Autre dégradation : la qualité du service public. Sur un même site, guichetiers et facteurs ne se connaîtront plus car évoluant dans 2 compartiments parfaitement étanches. Des bureaux de poste vont fermer, vont être jumelés, vont ouvrir sur rendez-vous, vont être transformés en agences postales et les concentrations de la distribution vont augmenter. Le service de proximité qui caractérise La Poste est largement compromis, comme c’est le cas également pour les centres d’impôts soumis à la même logique.

La direction se satisfait des 1000 emplois créés par ces transformations dans les bureaux de poste ou dans les groupements.

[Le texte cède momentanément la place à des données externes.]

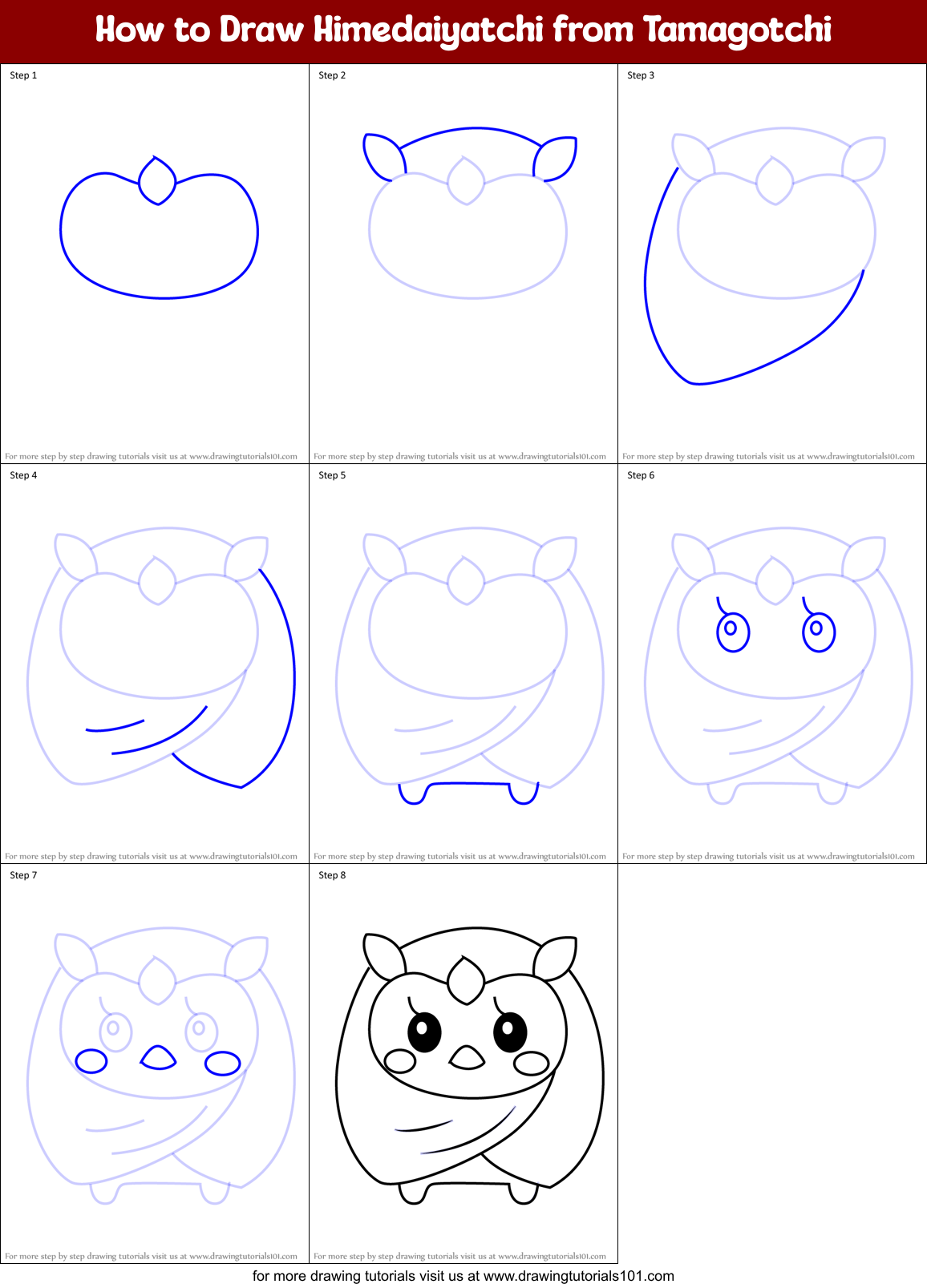 How to Draw Himedaiyatchi from Tamagotchi Printable Step by Step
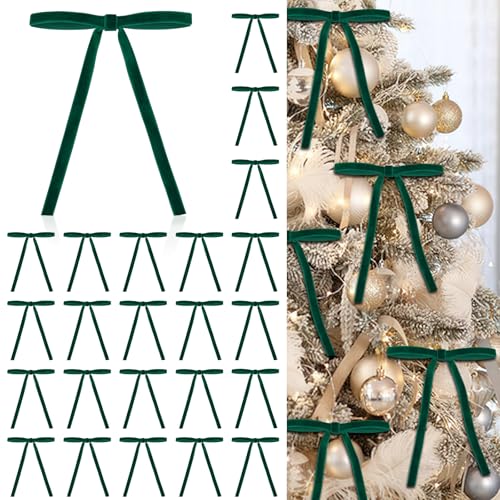Babycop Dark Green Velvet Bows for Christmas Tree - 24 Pack Holiday Ornaments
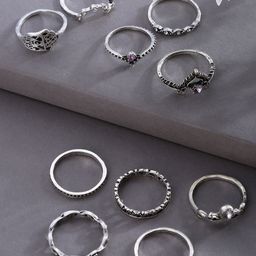 SOHI Women Pack Of 10 Silver-Plated Oxidised Finger Rings-12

Seulement ce sont 150 postes au Siège, 150 dans les directions nationales, 300 dans les délégations et les services rattachés et 400 dans les directions départementales qui vont être supprimés. Et pour cause : délégations et directions départementales n’auront pratiquement plus de pouvoir dès lors que les filières existeront.

L’objectif non avoué de SOFT c’est que La Poste ne soit plus un tout indivisible, que chaque filière de métier soit autonome. La direction prévoit donc de mutualiser, c’est-à-dire de dispatcher sur plusieurs départements ou délégations des services comme la comptabilité, la paie, les ressources humaines.

A terme, chaque filière doit devenir une entreprise à part entière. Les plus compétitives étant alors cédées au marché boursier. Comme à France Télécom l’ouverture du monopole à la concurrence privée doit ouvrir la voie à l’ouverture du capital de l’entreprise. La riposte des postiers, mais aussi des usagers soucieux de conserver un service public de qualité et de proximité est urgente. La généralisation de SOFT est prévue début 2002 et doit se poursuivre jusqu’en 2003 pour les services de directions et les services supports. Le parc automobile est déjà vendu à la BNP Paribas (dont La Poste est actionnaire) depuis le 1er janvier 2001.